Monday, April 21, 2008

You Say Tomato…

It’s beginning to dawn upon me what I’ve been trying to do for the last several years. To assimilate the sacred into the secular—and vice versa—requires a theology capable of integrating with the arts and sciences. Whether to refer to such as venture sacularism or secredism might pose the first of many challenges to its successful pursuit. However it is expressed, though, there seems to be an inherent trap in the attempt to make synonymous such terms as sacred and religion, or secular and science. It was not until I left the church I had grown up in that I realized how unique and rare Dad’s integration of theology and religion was. Once exposed to other congregations of United Methodists caused me to realize rather quickly that a lot of religion has little or nothing to do with theology unless by implicitness or inference. “I believe in God the father” can be professed without any theological undergirding, although without such a foundation the significance of such a statement is put into question.
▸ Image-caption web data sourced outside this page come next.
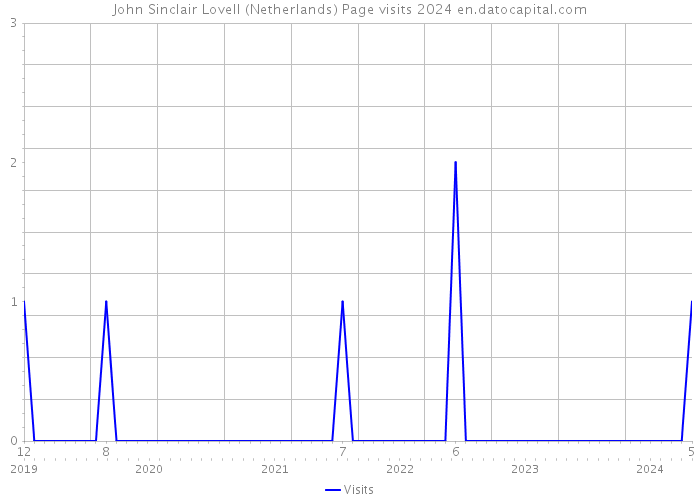 John Sinclair Lovell (Netherlands) Page visits 2024 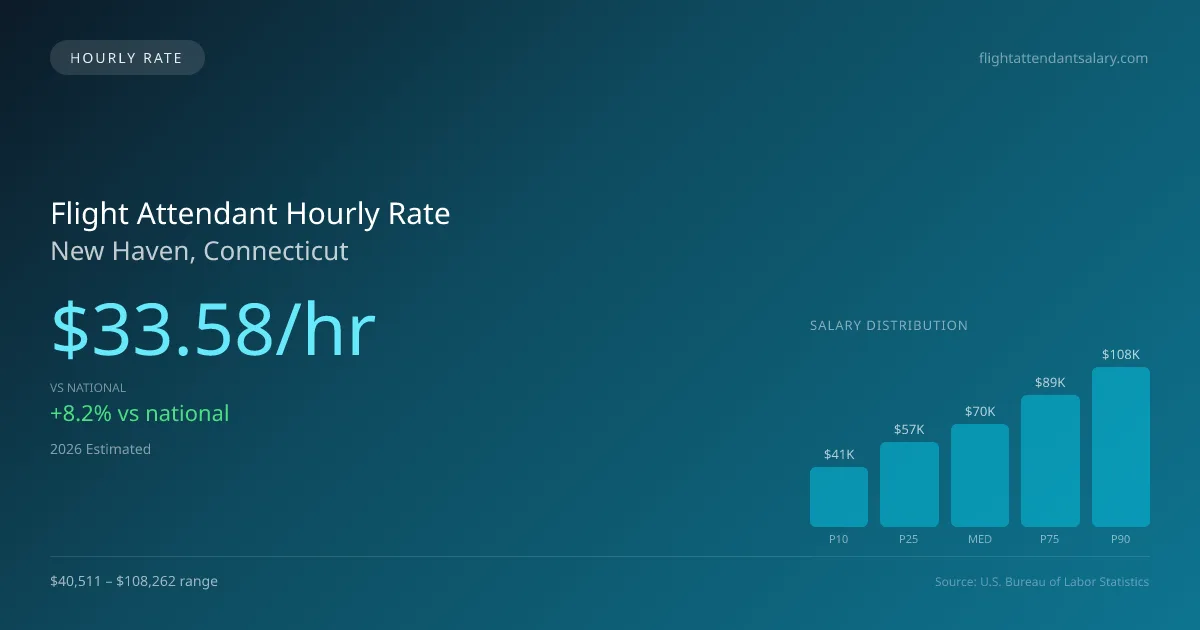 Flight Attendant Hourly Rate in New Haven, CT — 2026 est., based on 2025 BLS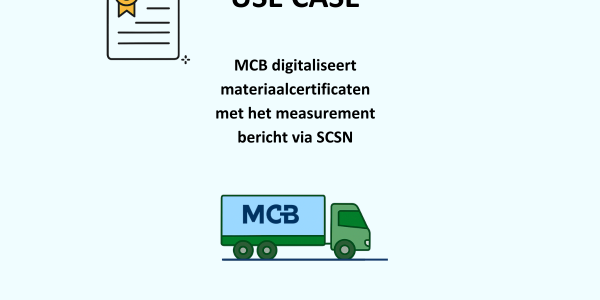 Grip op materiaaldata: MCB's toepassing van het Measurement Bericht via SCSN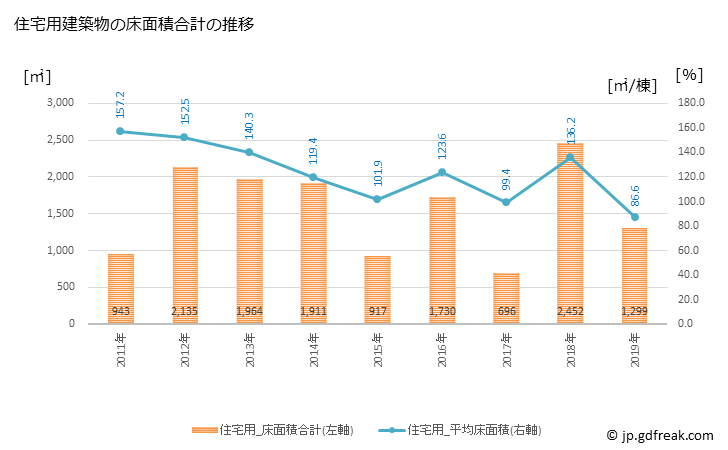 グラフ 年次 つるぎ町(ﾂﾙｷﾞﾁｮｳ 徳島県)の建築着工の動向 住宅用建築物の床面積合計の推移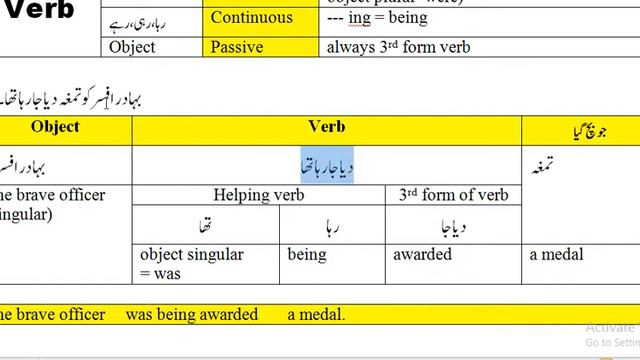 5۔ Passive Translation| Past Continuous| Object + HV + III form + جو بچ گیا смотреть онлайн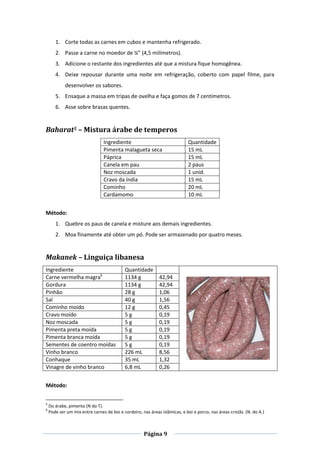 Página 9
1. Corte todas as carnes em cubos e mantenha refrigerado.
2. Passe a carne no moedor de ¼” (4,5 milímetros).
3. Adicione o restante dos ingredientes até que a mistura fique homogênea.
4. Deixe repousar durante uma noite em refrigeração, coberto com papel filme, para
desenvolver os sabores.
5. Ensaque a massa em tripas de ovelha e faça gomos de 7 centímetros.
6. Asse sobre brasas quentes.
Baharat5 – Mistura árabe de temperos
Ingrediente Quantidade
Pimenta malagueta seca 15 mL
Páprica 15 mL
Canela em pau 2 paus
Noz moscada 1 unid.
Cravo da índia 15 mL
Cominho 20 mL
Cardamomo 10 mL
Método:
1. Quebre os paus de canela e misture aos demais ingredientes.
2. Moa finamente até obter um pó. Pode ser armazenado por quatro meses.
Makanek – Linguiça libanesa
Ingrediente Quantidade
Carne vermelha magra6
1134 g 42,94
Gordura 1134 g 42,94
Pinhão 28 g 1,06
Sal 40 g 1,56
Cominho moído 12 g 0,45
Cravo moído 5 g 0,19
Noz moscada 5 g 0,19
Pimenta preta moída 5 g 0,19
Pimenta branca moída 5 g 0,19
Sementes de coentro moídas 5 g 0,19
Vinho branco 226 mL 8,56
Conhaque 35 mL 1,32
Vinagre de vinho branco 6,8 mL 0,26
Método:
5
Do árabe, pimenta (N do T).
6
Pode ser um mix entre carnes de boi e cordeiro, nas áreas islâmicas, e boi e porco, nas áreas cristãs. (N. do A.)
 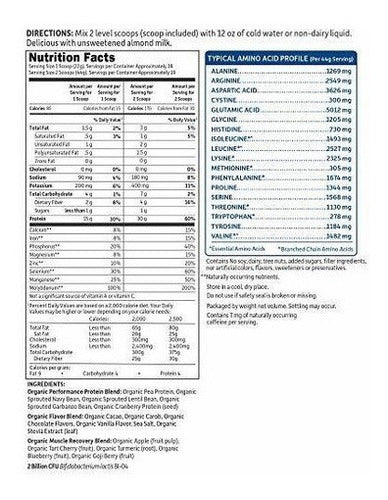 Proteínas A Base De Plantas Orgánicas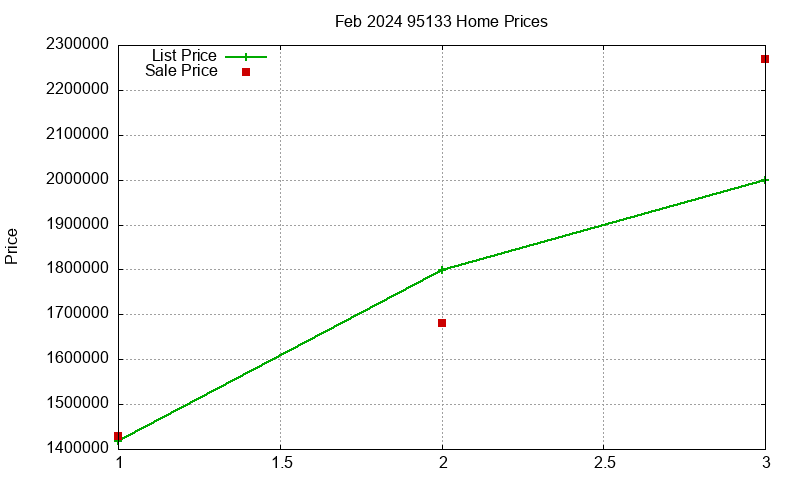95133 Homes Just Sold 2024-02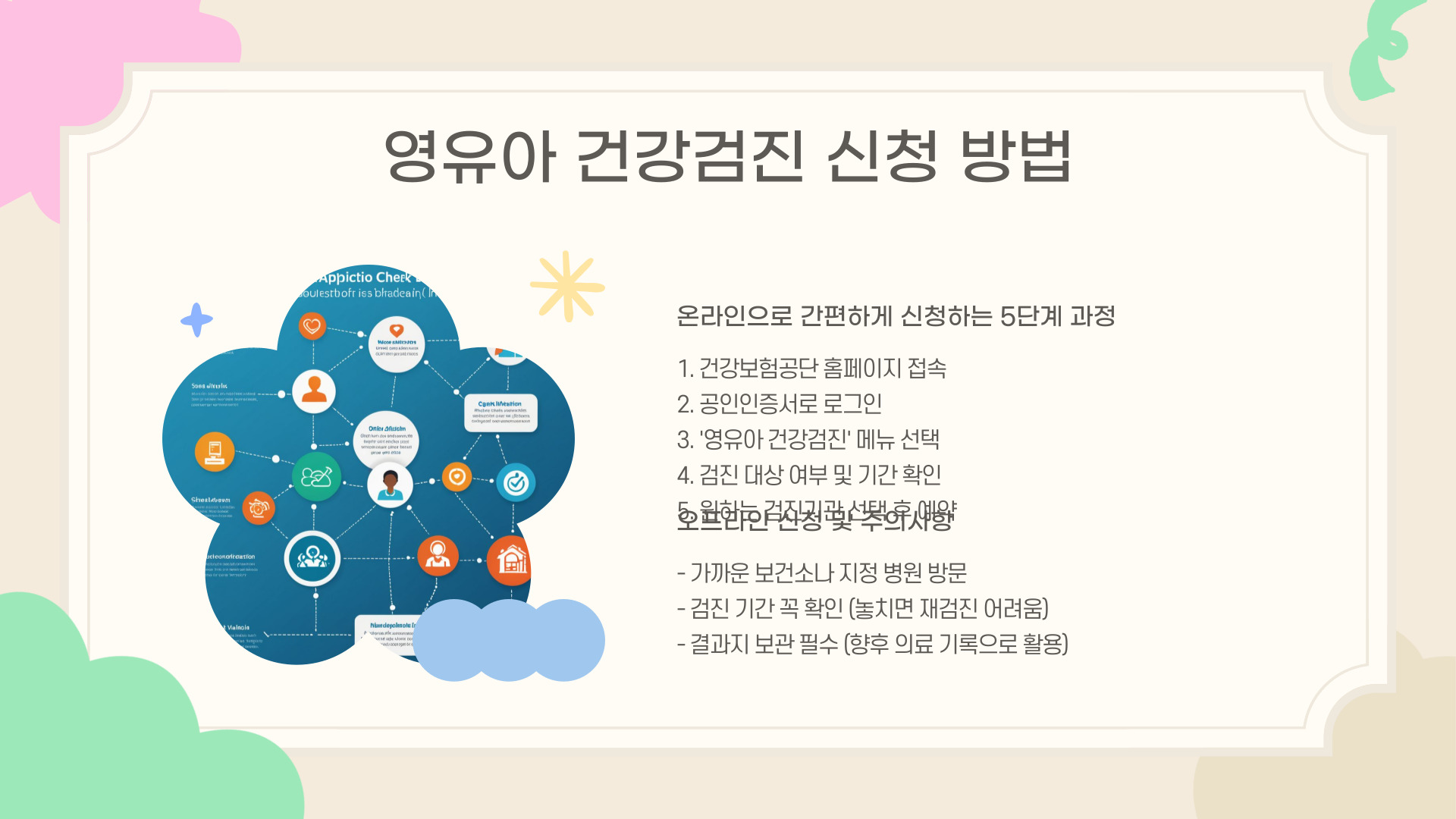 영유아 건강검진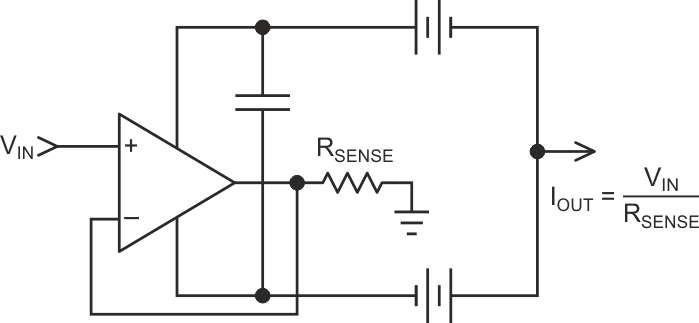 This is the simplest possible realization of this current output circuit although it trades off for lower output impedance and restricted output compliance range. Furthermore, it will have to be verified with the op amp of your choice as some op amps may not function well in this circuit due to the floating supplies (RSENSE should be limited to >1 kΩ unless you are adventurous).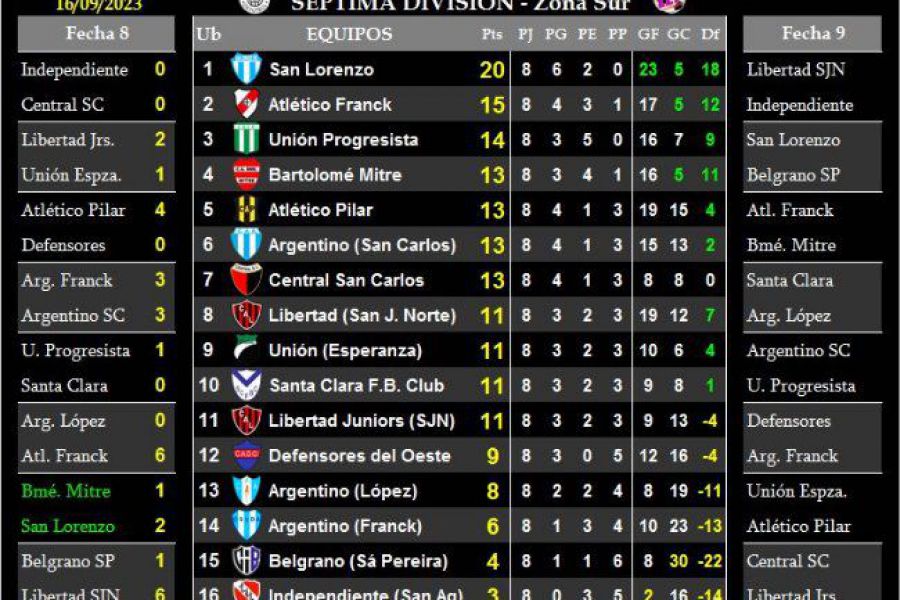 LEF Séptima - Resultados y Posiciones - Zona Sur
For me it is akin to stating “I believe that two plus two equals four” without having any understanding of the mathematics that make it true. Having immersed myself in the secular world for the last decade has helped me to realize that many who reject religion do so because they have had little or no exposure to theology. The converse is true to the degree that religious people reject other kinds of thinking because of contrived and artificial polarizations between the sacred and the secular. So, I’ve been hanging out in the real world after leaving the church and in the process am discovering that there is a pressing need for both worlds to discover their common ground.